This is the key example. We simulate an AR(1) process with **two types of structural
change at different dates**:

- **t = 100**: intercept shifts from 0 to 2 (level shift)
- **t = 200**: AR coefficient shifts from 0.3 to 0.8 (persistence shift)

SIS + MIS applied jointly should detect both breaks and attribute each to the right
parameter. This demonstrates that GETS can handle **multiple break types at different
times** — something Bai-Perron (which tests all parameters jointly) and Markov switching
(which switches all parameters simultaneously) cannot easily do.

In [None]:
# Simulate AR(1) with dual breaks
n_ar = 300
y_ar = np.zeros(n_ar)
for t in range(1, n_ar):
    if t < 100:
        c, phi = 0.0, 0.3     # Regime 1: stationary, zero-mean
    elif t < 200:
        c, phi = 2.0, 0.3     # Regime 2: level shift, same dynamics
    else:
        c, phi = 2.0, 0.8     # Regime 3: persistence shift, same intercept
    y_ar[t] = c + phi * y_ar[t - 1] + rng.standard_normal()
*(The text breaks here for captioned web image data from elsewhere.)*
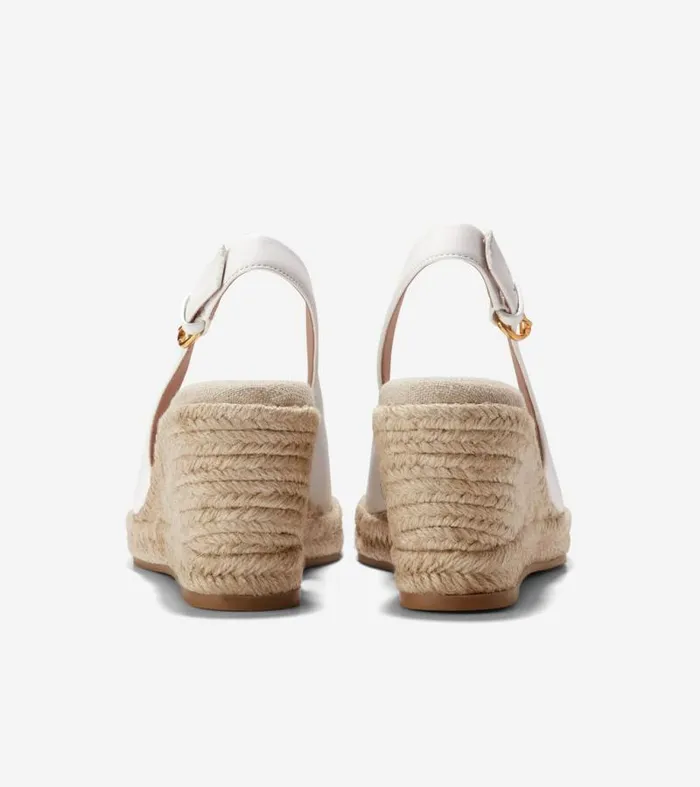 Women Espadrilles Cole Haan Cloudfeel Espadrille Sling Back Wedges White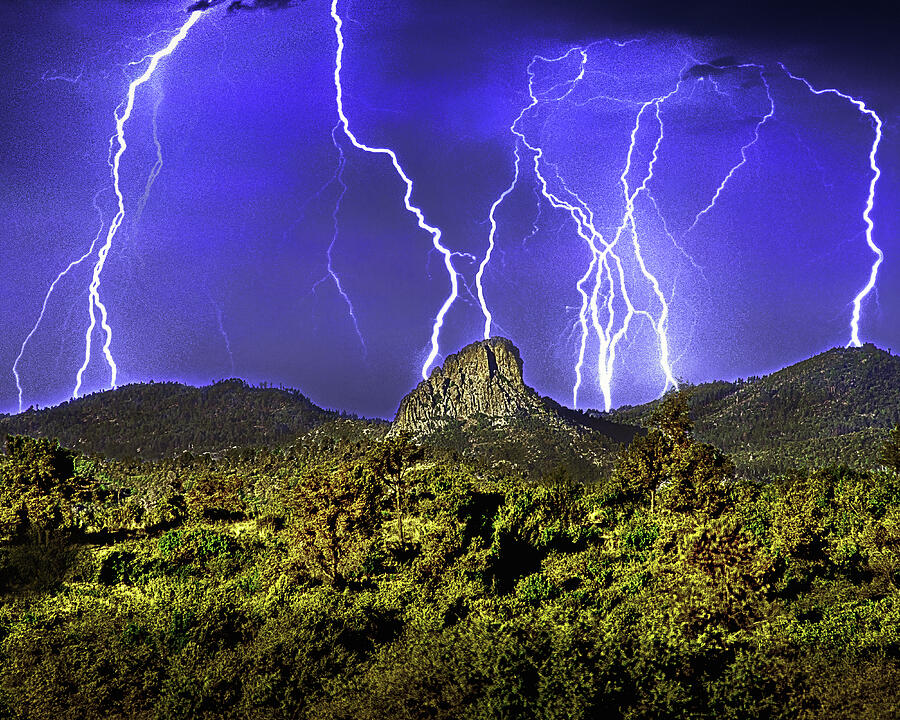 Thumb Butte, Electrical Storm, Prescott,arizona Photograph by Don Schimmel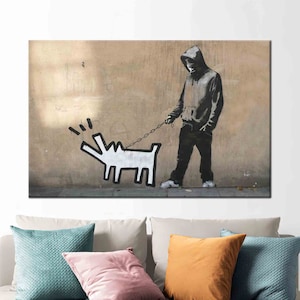 Banksy Barking Dog, Barking Dog Canvas, Banksy Wall Art, Graffiti Canvas, Banksy Dog Art, Dog Graffiti Art Canvas, Abstract Canvas Art,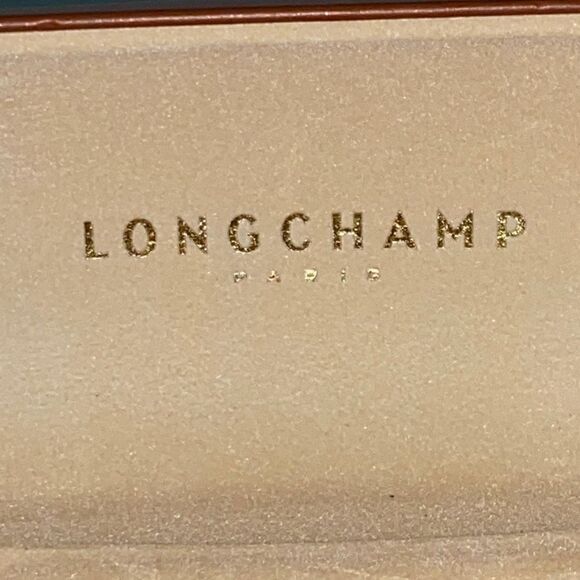 Longchamp Paris Sun/Glasses case brown leather hard clamshell - Picture 4 of 6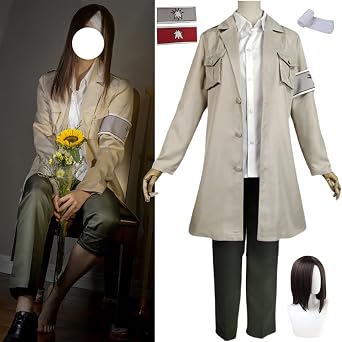 Eren Yeager Cosplay Costume, Wig, Armband, Doujinshi Investigation Corps, Mikasa, Levi, Attack on Titan, The Final Season, Part 2, Cosplay Tool, Costume, Disguise, Christmas, Halloween, Event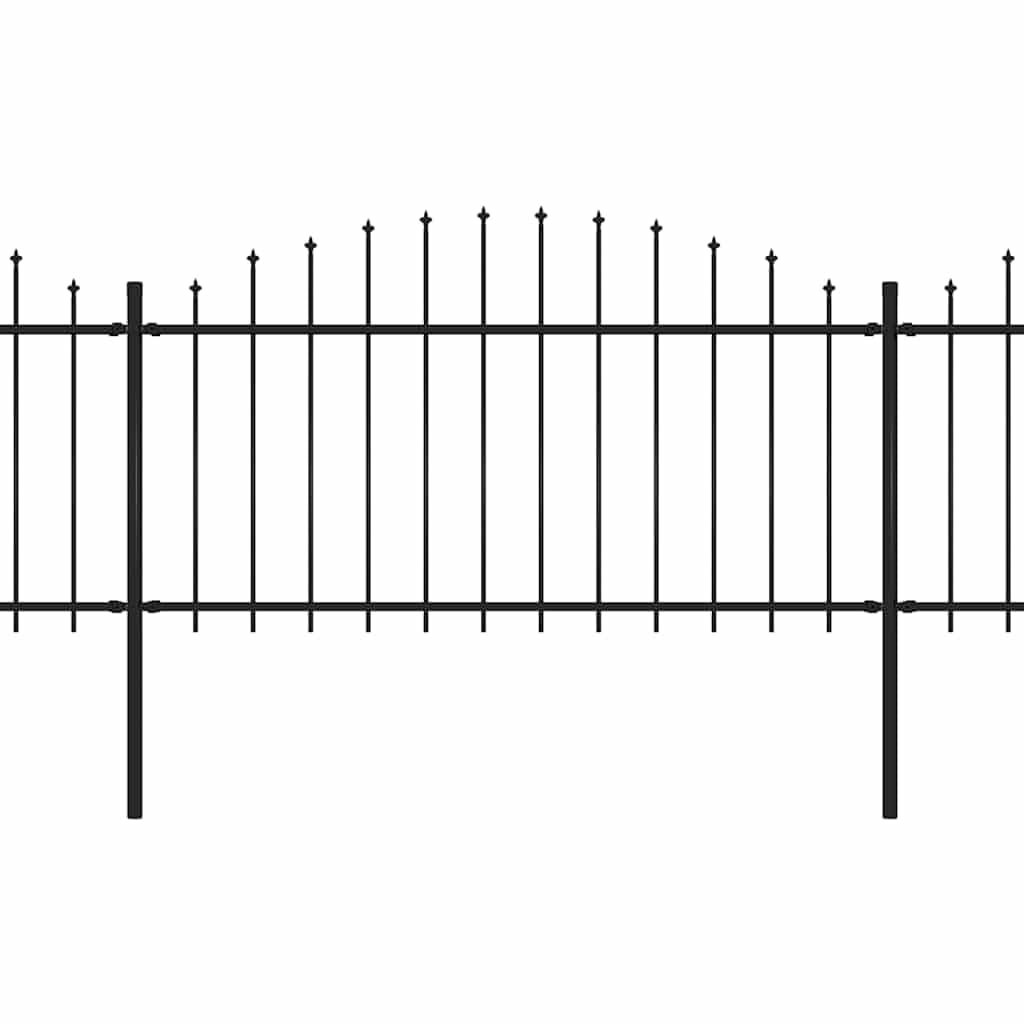 Black Steel Garden Fence with Spear Top 1603.5x150 cm Security Boundary Panels 15.3 m Heavy Duty Privacy Barrier for Home Outdoor Property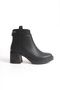 Lucia Sinclair Black Rustic Women's Zippered Chain Detailed Casual Boots - 4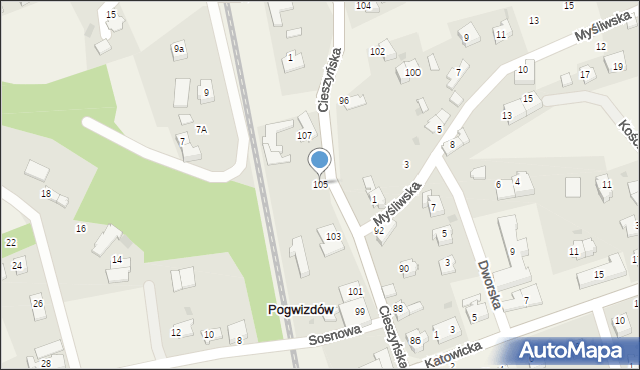 Pogwizdów, Cieszyńska, 105, mapa Pogwizdów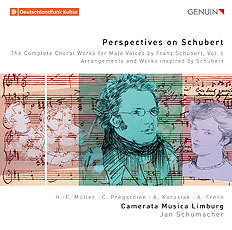 CD album cover 'Perspectives on Schubert' (GEN 19672) with Camerata Musica Limburg, Christoph Prégardien ...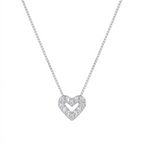 Colar Feminino Mini Coração Cravejado Prata 925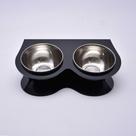 Comedouro Duplo para Pets em Acrílico Preto Com Tigela em Inox- Ideal para ração e sachê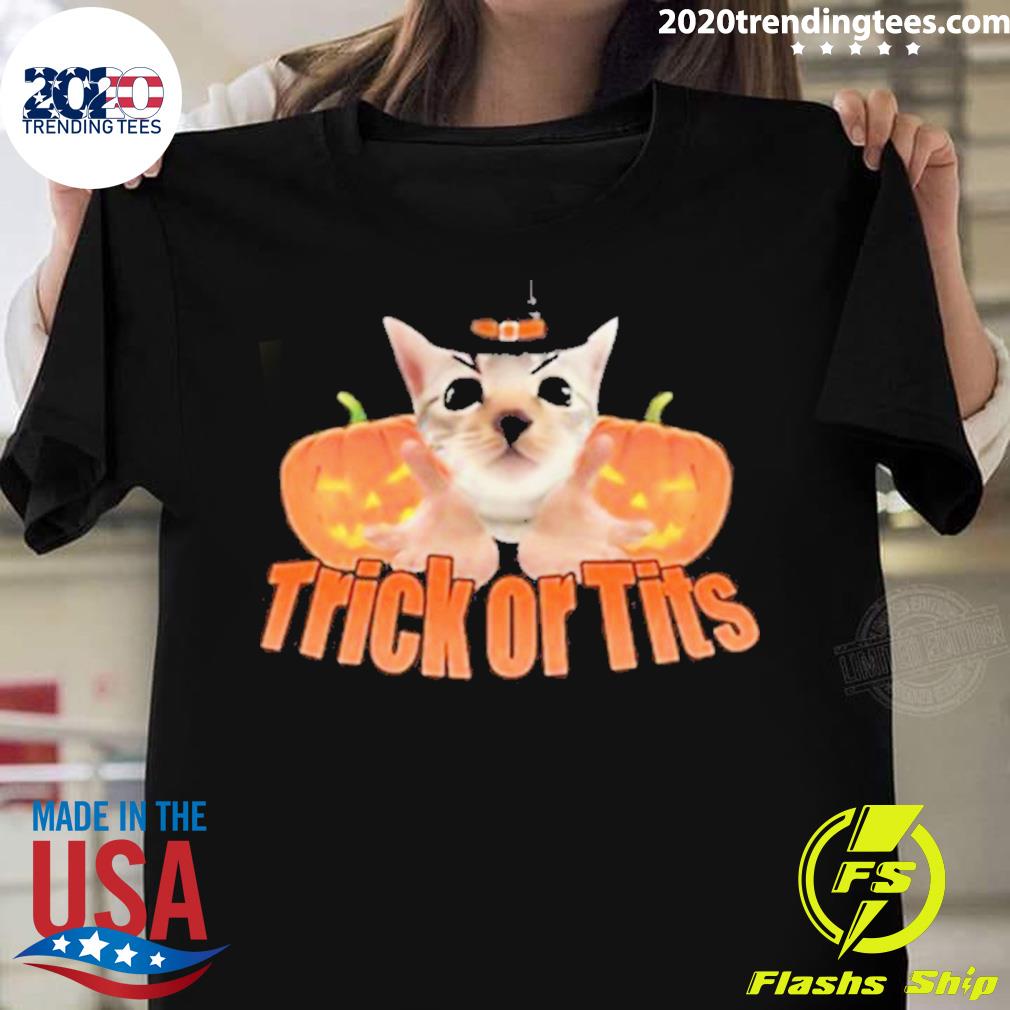 Official dippytees Trick Or Tits - Adult & Kids T-Shirts, Sweatshirts & Hoodies apparel design preview 1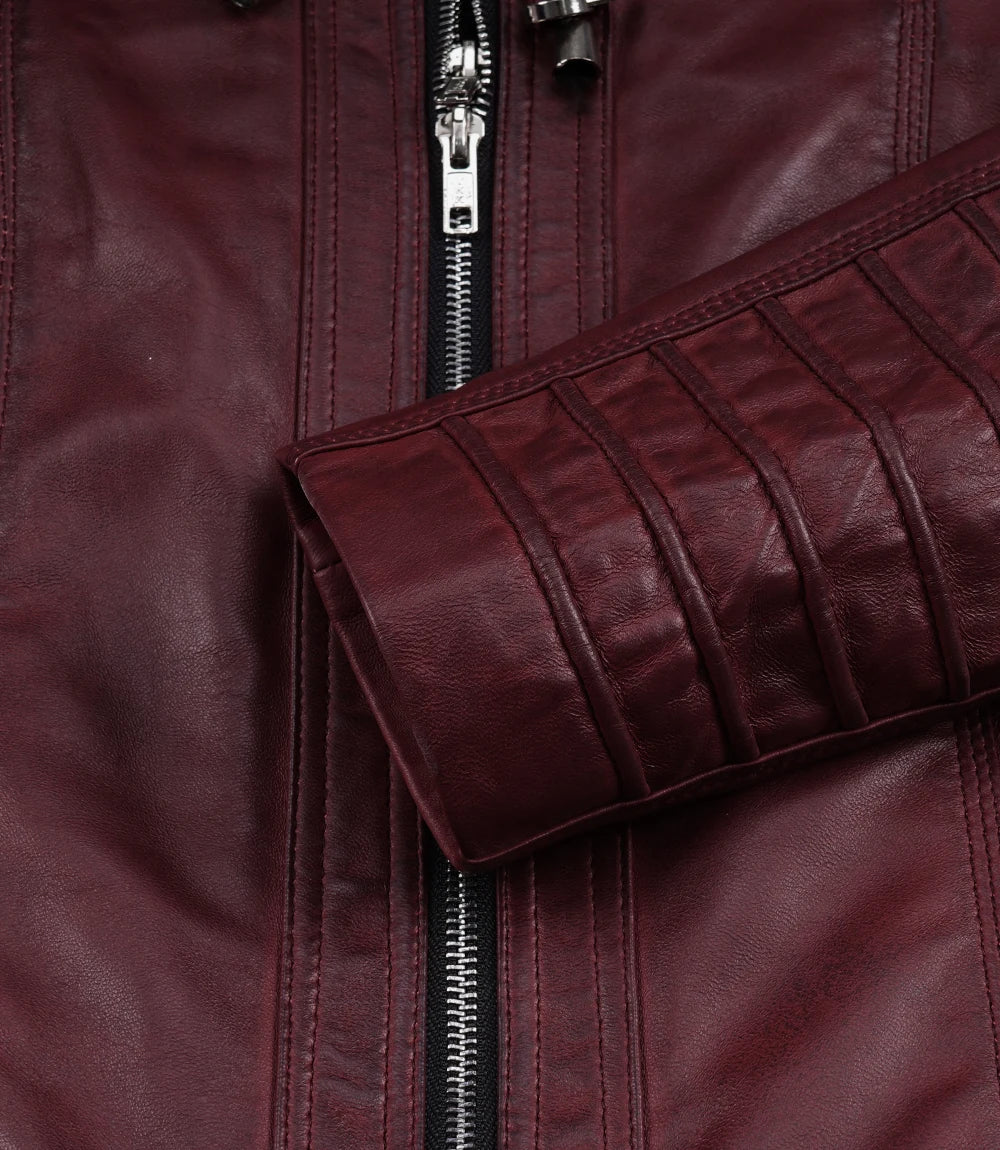 Women's Maroon Waxed Leather Hooded Biker Jacket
fig, ax = plt.subplots(figsize=(10, 4))
ax.plot(y_ar, linewidth=0.8)
ax.axvline(100, color="red", linestyle="--", alpha=0.5, label="Intercept shift (t=100)")
ax.axvline(200, color="blue", linestyle="--", alpha=0.5, label="AR coeff shift (t=200)")
ax.set_xlabel("Observation")
ax.set_ylabel("y")
ax.set_title("AR(1) with Dual Structural Breaks")
ax.legend()
plt.tight_layout()
plt.show()

In [None]:
# Run SIS + MIS on the AR(1) model
ar_model = rg.AR(y_ar, lags=1)
result_ar = ar_model.isat(sis=True, mis=True, alpha=0.01)
print(result_ar.summary())

In [None]:
# Visualize regime levels for both const and AR coefficient
fig, axes = result_ar.plot_regime_levels(
    title="AR(1): Regime Levels for Intercept and AR Coefficient"
)
plt.show()

## 8. ADL Integration

Indicator saturation also works with ADL models via the `.isat()` convenience method.
The lag structure is handled automatically.

In [None]:
# Simulate ADL(1,0) data with an intercept shift at t=150
x_adl = rng.standard_normal(n)
y_adl = np.zeros(n)
for t in range(1, n):
    c = 1.0 if t < 150 else 3.0
    y_adl[t] = c + 0.4 * y_adl[t - 1] + 0.5 * x_adl[t] + rng.normal(0, 0.5)

adl_model = rg.ADL(y_adl, x_adl, lags=1, exog_lags=0)
result_adl = adl_model.isat(sis=True, alpha=0.01)
print(f"ADL break dates: {result_adl.break_dates}")
print(f"Retained: {result_adl.retained_indicators}")

## 9. Tuning: Significance Level

The `alpha` parameter controls the GETS selection threshold. Lower alpha means fewer
false positives but may miss real breaks; higher alpha is more sensitive but may retain
spurious indicators.

In [None]:
for a in [0.01, 0.05, 0.10]:
    result = rg.isat(y_sis, sis=True, alpha=a)
    print(f"alpha={a:.2f}:  breaks={result.break_dates}, "
          f"retained={result.n_indicators_retained}")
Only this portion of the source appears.